= WORK REQUEST =
Begin at the line below that holds "ナイキ（NIKE）（レディース）ランニングシューズ トレランシューズ" and end at the line that holds "Foto del edificio - 8214 Beechnut St", transcribing each line exactly and skipping any picture.
RECORD SET START
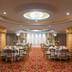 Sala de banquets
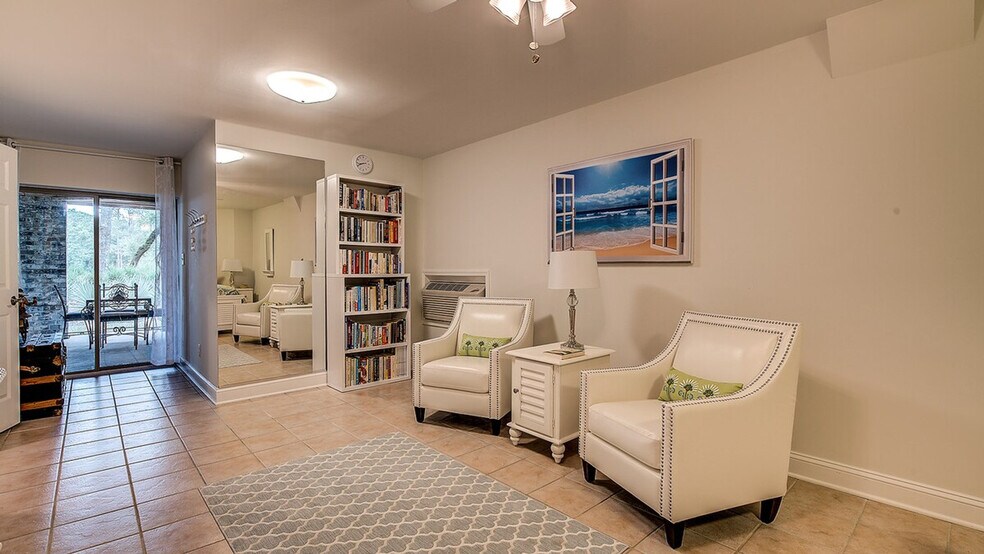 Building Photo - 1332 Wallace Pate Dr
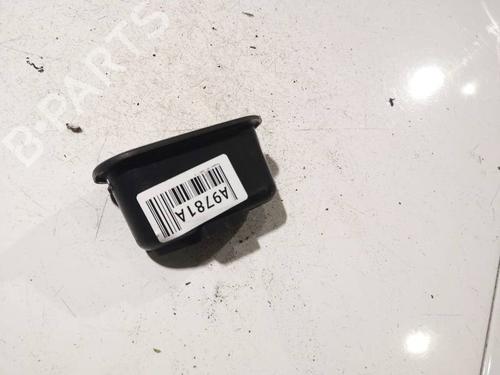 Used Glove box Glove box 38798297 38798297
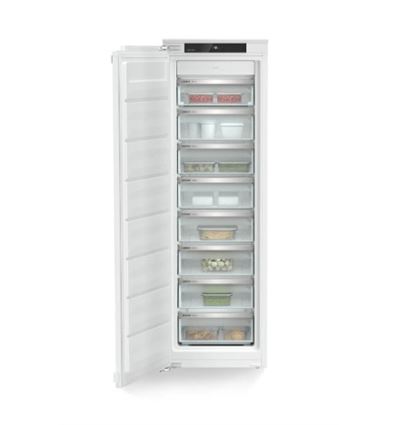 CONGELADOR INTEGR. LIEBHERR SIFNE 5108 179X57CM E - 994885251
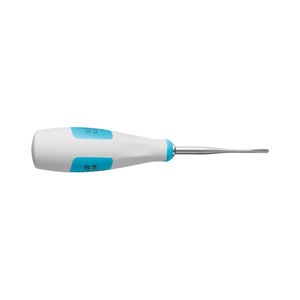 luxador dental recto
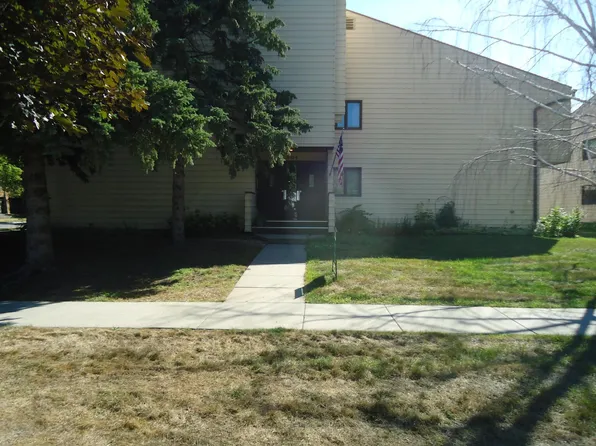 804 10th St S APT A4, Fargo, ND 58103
RECORD SET END
RECORD SET START
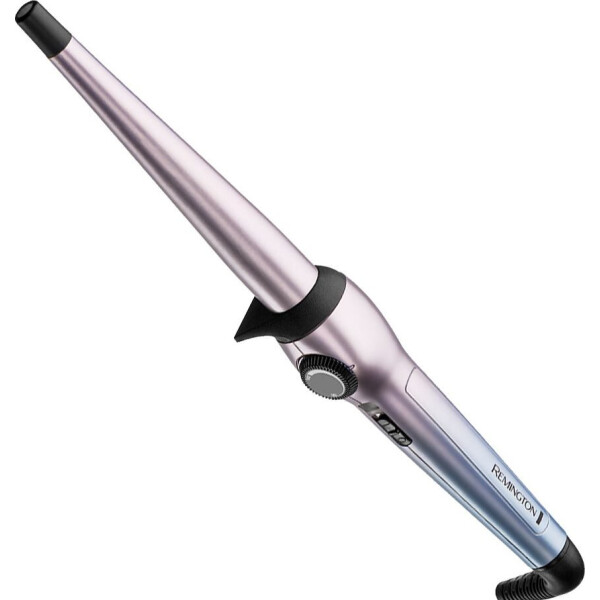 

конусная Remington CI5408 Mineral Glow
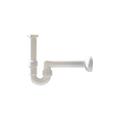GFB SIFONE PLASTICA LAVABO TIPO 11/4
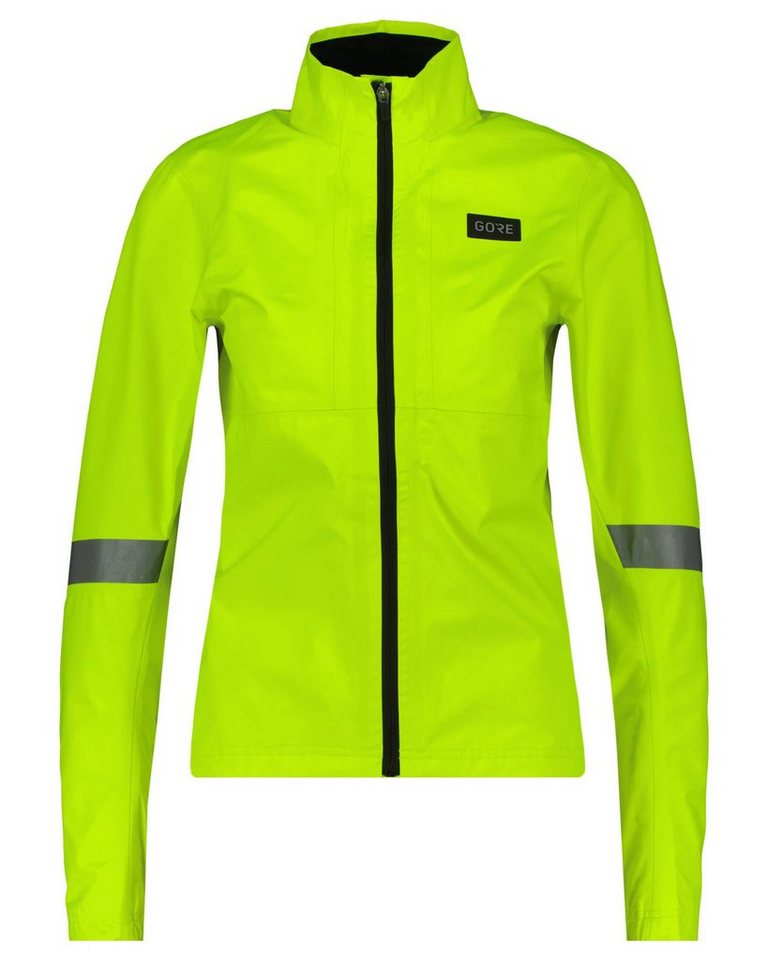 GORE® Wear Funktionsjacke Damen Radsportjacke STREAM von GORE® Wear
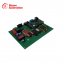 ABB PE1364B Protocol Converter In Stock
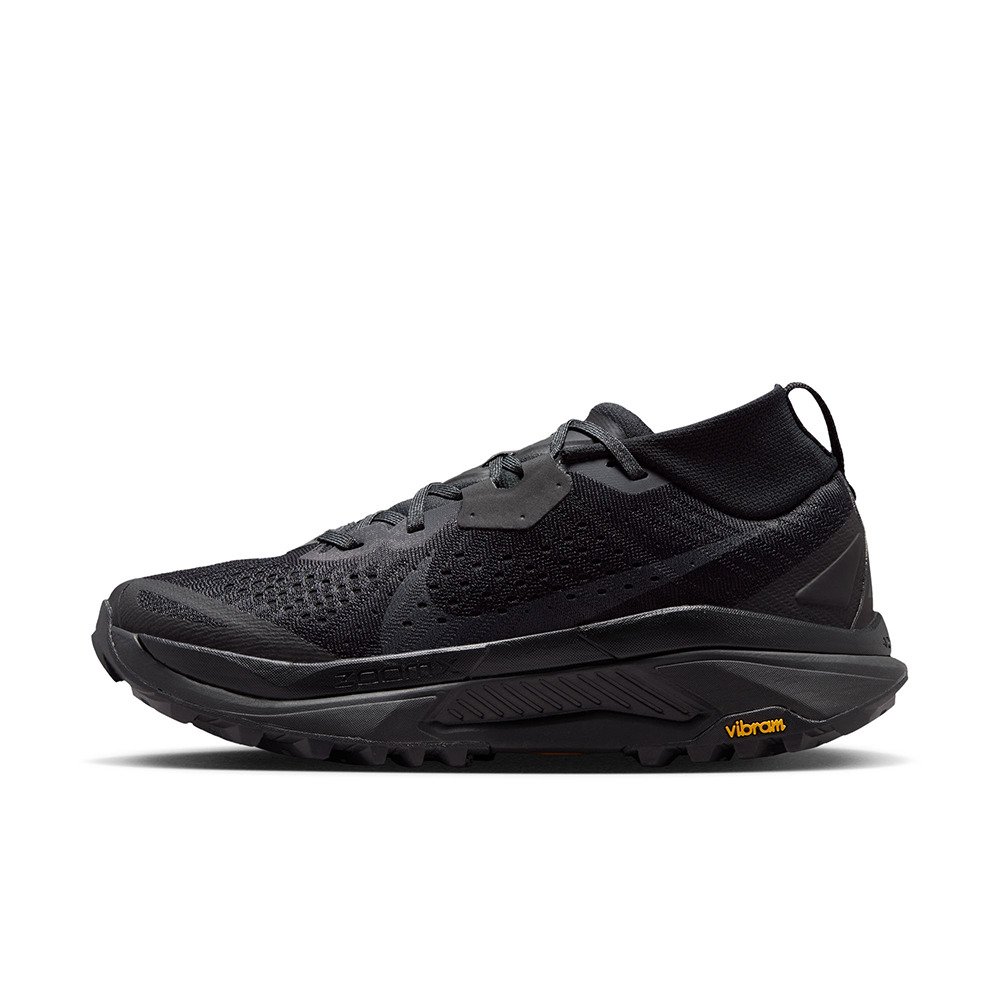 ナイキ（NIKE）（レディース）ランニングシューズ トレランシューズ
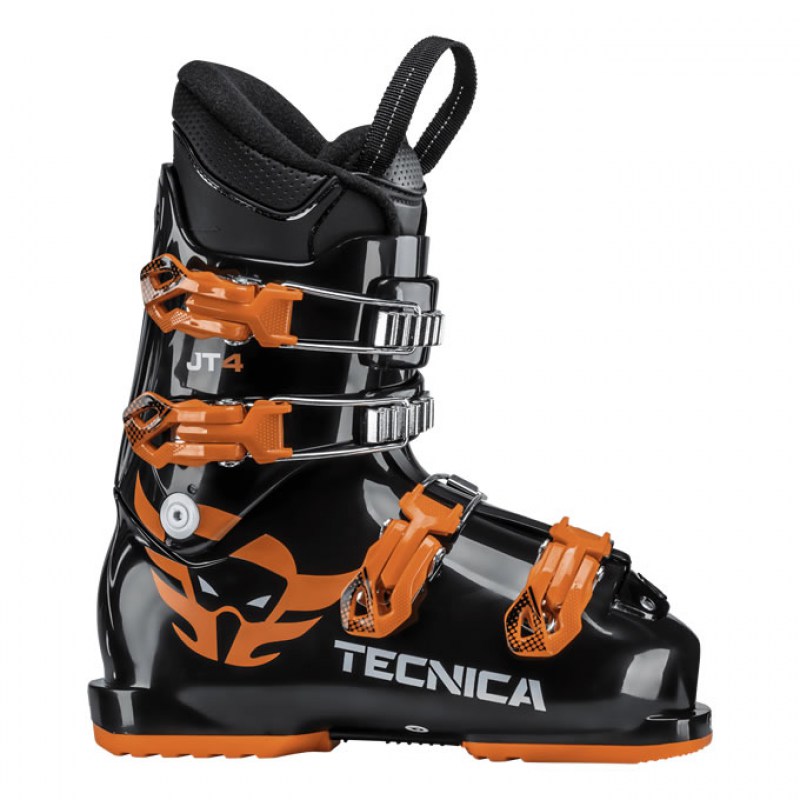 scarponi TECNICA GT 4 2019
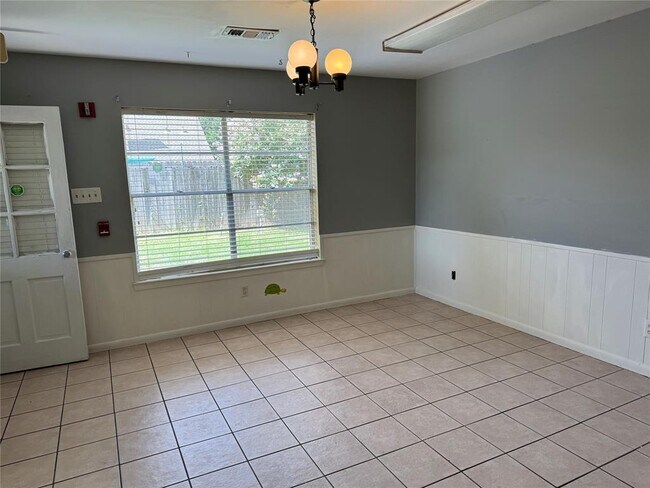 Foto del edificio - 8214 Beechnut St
RECORD SET END
= RESPONSE TO THIS TASK =
 ナイキ（NIKE）（レディース）ランニングシューズ トレランシューズ
 scarponi TECNICA GT 4 2019
 Foto del edificio - 8214 Beechnut St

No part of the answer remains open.